Despite this low-threshold approach, our findings suggest that gender and migration background influence the risk of being HIV positive. Different access to treatment and different exposure risk characteristics for certain subgroups may offer possible explanations for these findings [67–69]. A recent review identified pregnancy, lack of services for pregnant women, fear of losing custody for a newborn, or fear of prosecution, coupled with lack of childcare outside of treatment, to be gender-specific barriers keeping women from entering treatment for substance use disorders in general [70–72]. Additionally, women may not just lack social support, but experience greater social stigma and discrimination than their male counterparts, when entering such treatment [70, 73, 74]. Women have also been reported to articulate more negative expectations about treatment than males [70, 75]. A number of studies documented systematic barriers—irrespective of gender—related to the policies and procedures of OMT . They include multiple requirements for treatment initiation or modification (including waiting lists), rules regarding abstinence, requirements of established health insurance, hidden or collateral fees, requirements to prove identification, limited take-home dose availability, and a lack of information regarding treatment options [77, 78]. One aspect may be that drug-related services in Switzerland do not tend to be culture-specific, so as not to specifically arrange services for certain migrant subgroups, which may have the effect of increasing the likelihood of cultural misperception and overlook social variables. Previous studies elsewhere showed that migrants without legal documentation might avoid seeking medical advice or entering treatment services because of fear of expulsion from the country [27, 79]. Furthermore, some authors reported a more serious progression of opioid dependence in an immigrant population (leading to the acquisition of multiple infections) and interpreted this finding as part of a multifaceted acculturation problem .

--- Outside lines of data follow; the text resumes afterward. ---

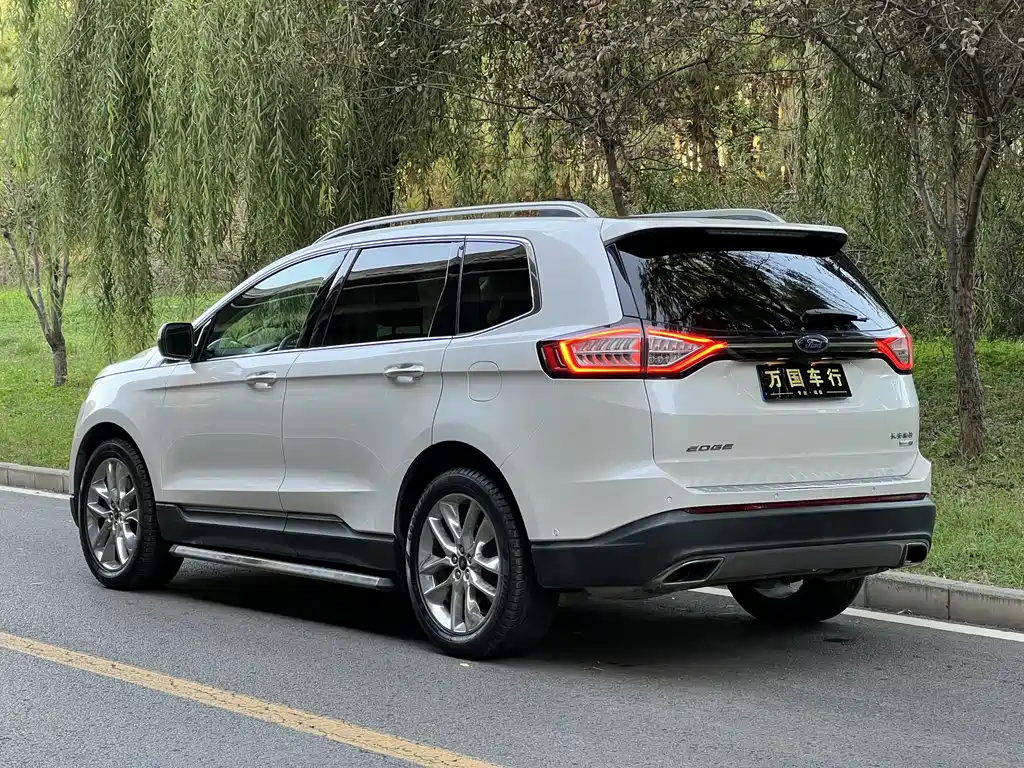Ford Edge — миниатюра 9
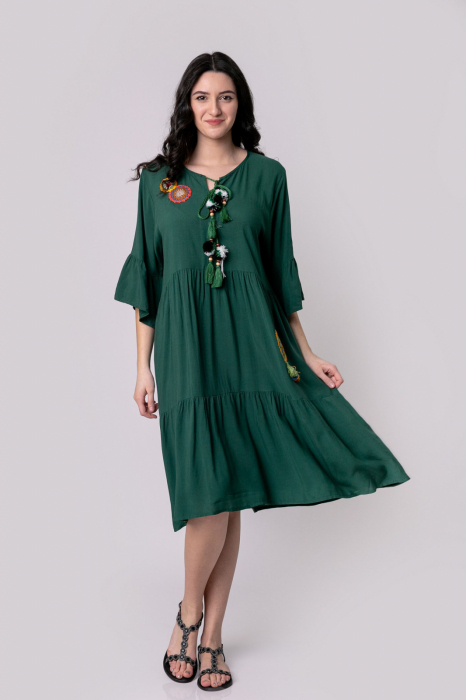 Rochie verde boho chic cu volane si maneci largi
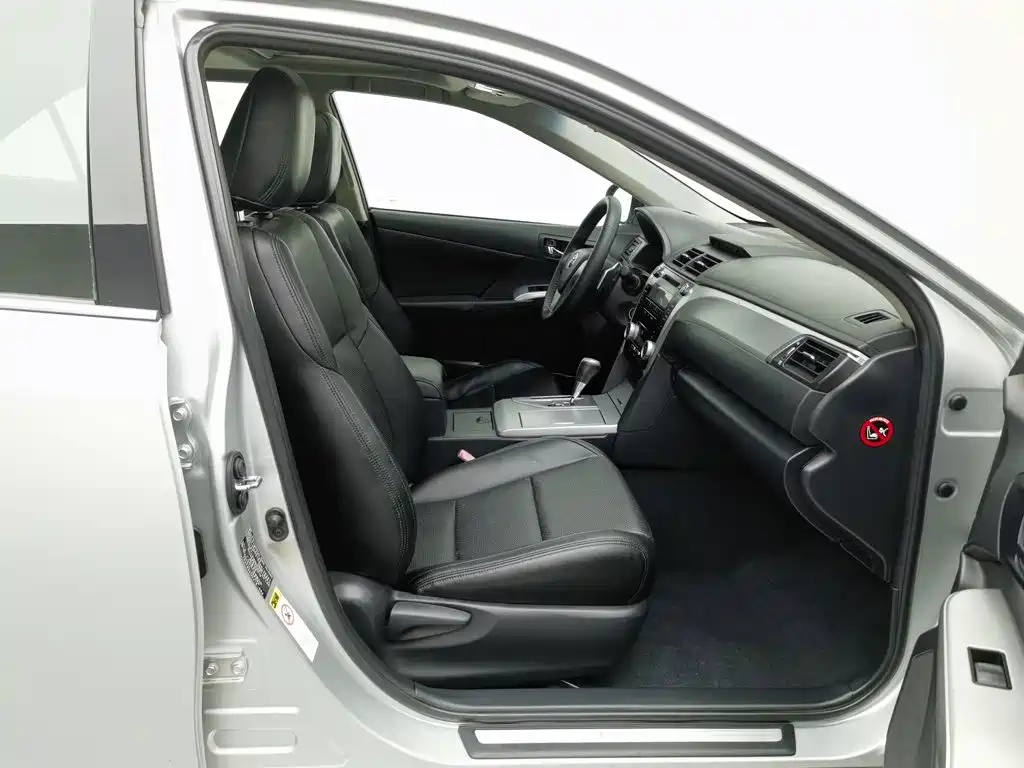 Toyota Camry — миниатюра 23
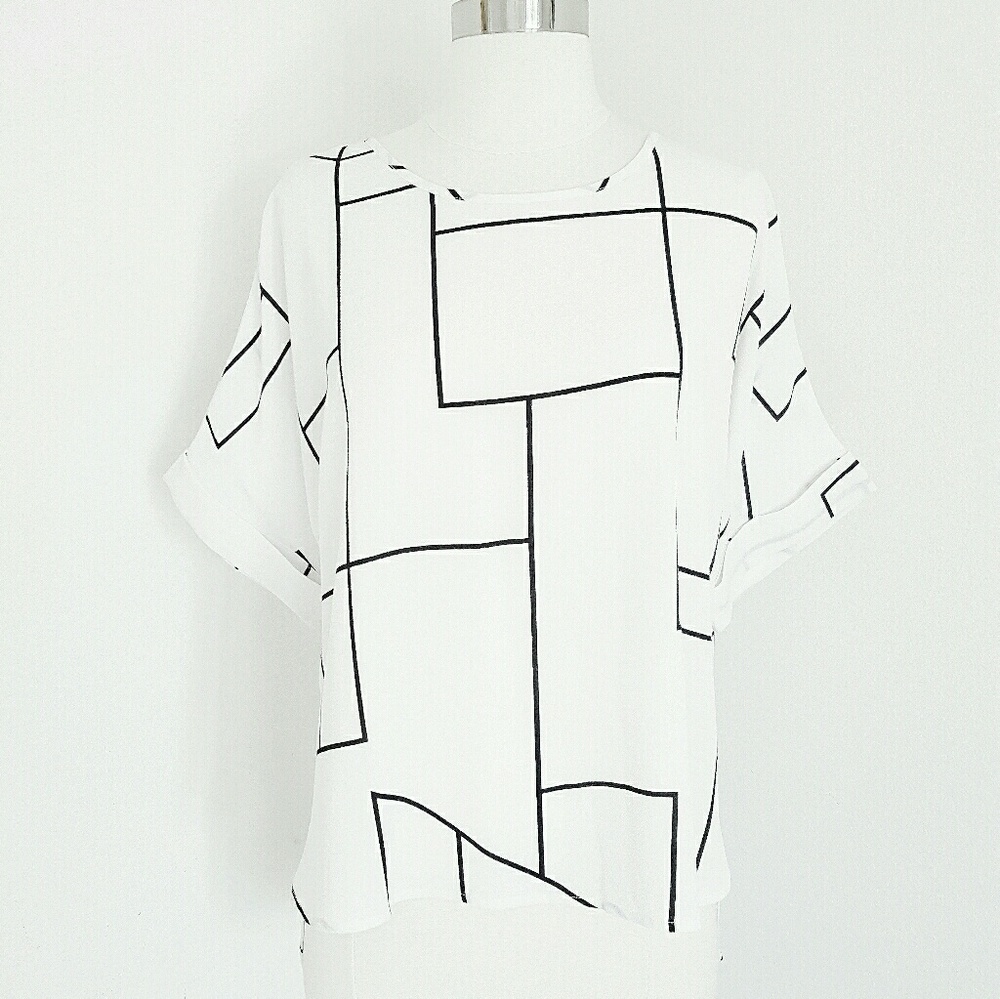 Black and White Abstract Print Oversized Blouse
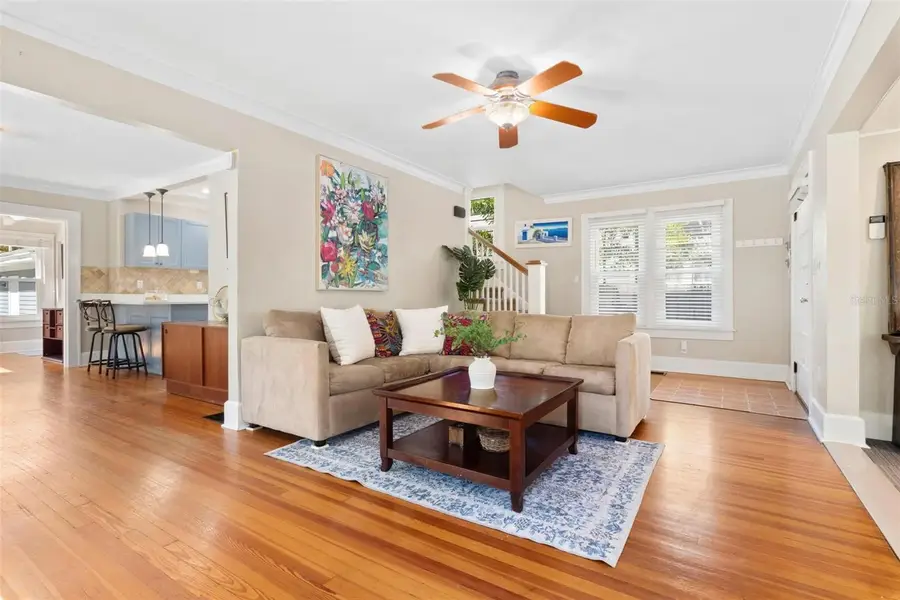 304 21st Avenue N, Saint Petersburg, FL 33704 - Image #2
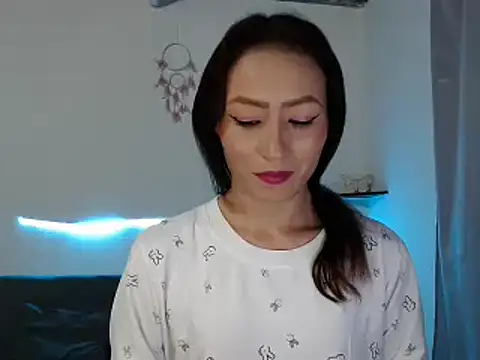 Sara-Guzman1 online show from January 26, 2025, 10:02 am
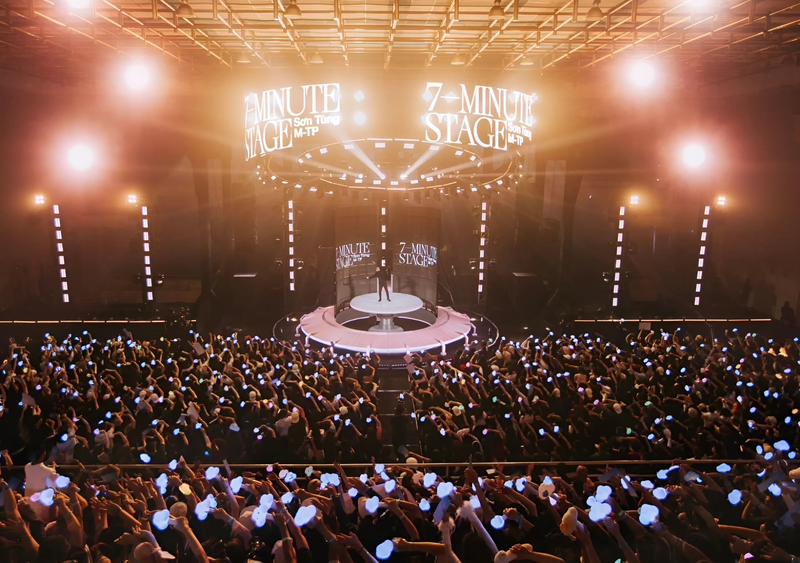 Caption đi concert 6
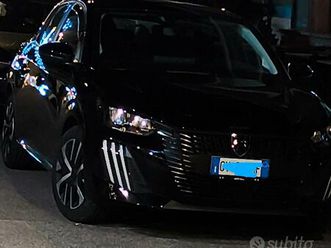 peugeot 208 black edition, nuova versione
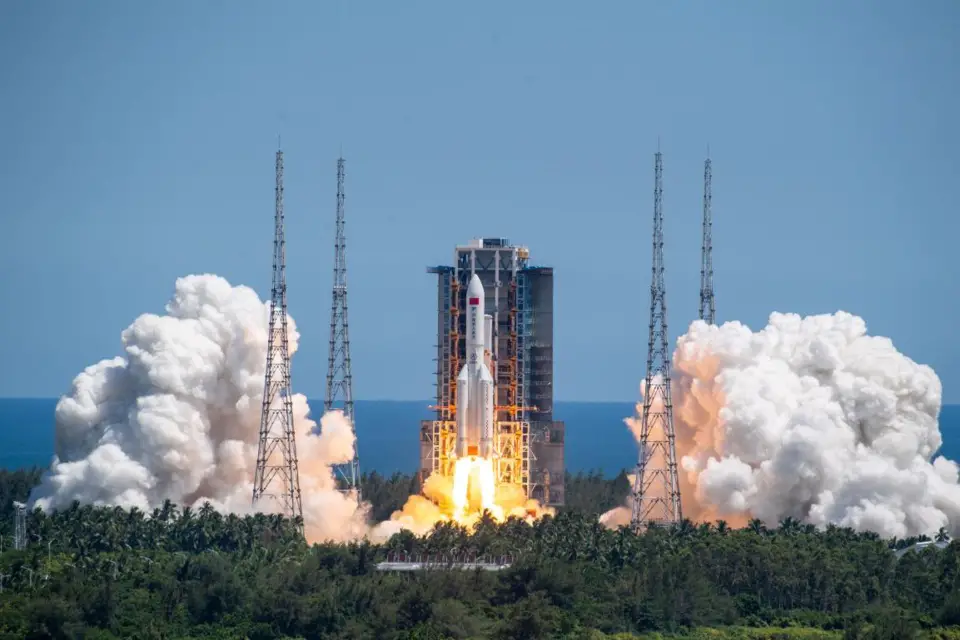 A Long March-5B Y3 carrier rocket, carrying Wentian lab module, blasts off from the Wenchang Spacecraft Launch Site in south China's Hainan province, July 24, 2022. (Photo by Weng Qiyu/People's Daily Online)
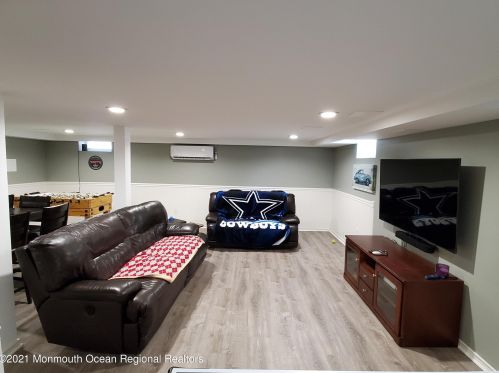 117 Beechwood Ave, West Long Branch NJ 07764-1801 exterior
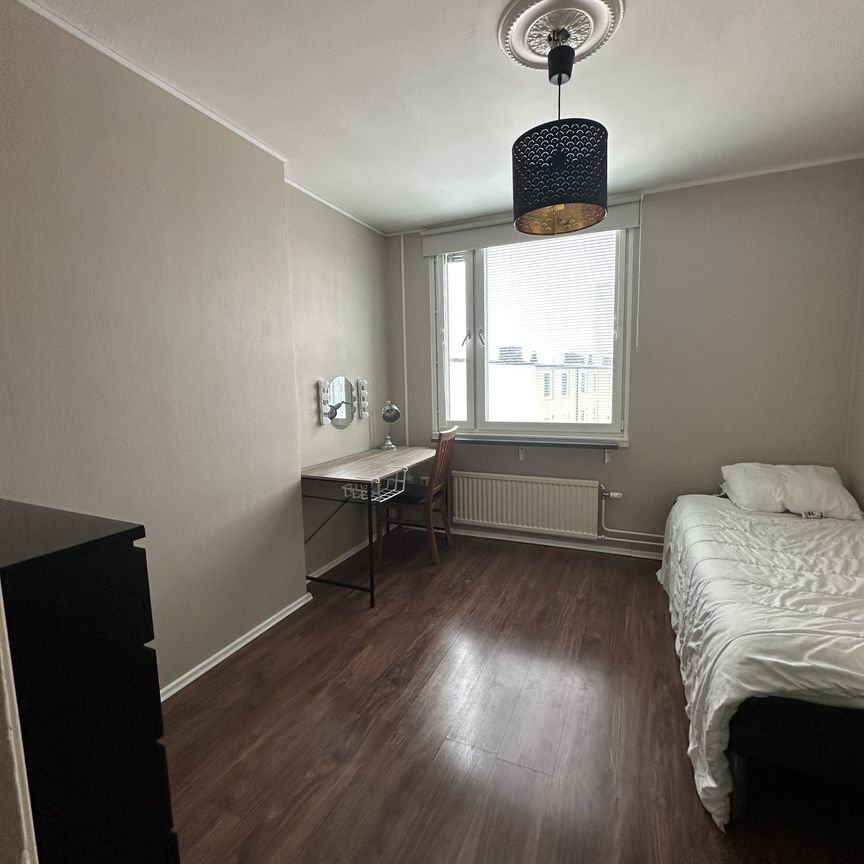 Sandfjärdsgatan, Årsta - Photo 1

In addition, the higher risk for native women and for women with a migration background warrants further research and should identify what factors deter women from using available HIV-prevention measures, as well as whether these measures need to be better adapted to high-risk groups. This becomes even more apparent in light of a recent study among a Canadian cohort of HIV-positive individuals in IDUs, which identified female gender as an additional barrier to access and adherence to antiretroviral therapy once women had been infected—a finding that was independent of drug use and other socio-behavioral and clinical characteristics .
We acknowledge the limitations of our study. First, Switzerland’s immigration policy is strictly controlled, especially in relation to individuals from non-EU member states and relies on a system of quotas and permits (short-term permit (L), initial residence permit (B), permanent residence permit (C), and cross border commuter permits (G)) and may prevent naturalization for two or more generations . Our calculations might therefore have falsely categorized individuals as non-native who were actually born and raised in Switzerland (i.e., granting nationality on the basis of jus sanguinis (‘right of blood’), as compared to those granting it on the grounds of jus soli (‘right of soil’), such as the USA.
Second, because of our small sample size, we cannot provide a finer breakdown for analysis than Swiss and non-Swiss; therefore, the latter is an extremely heterogeneous group that includes individuals from the majority of European and Eastern European countries, as well as a few subjects of Arabic or African ethnic background. Nevertheless, our database of OMT is one of the oldest in existence and is the largest of its kind in Europe, so our findings might still be useful when comparing HIV prevalence rates internationally, especially in relation to gender and immigration background.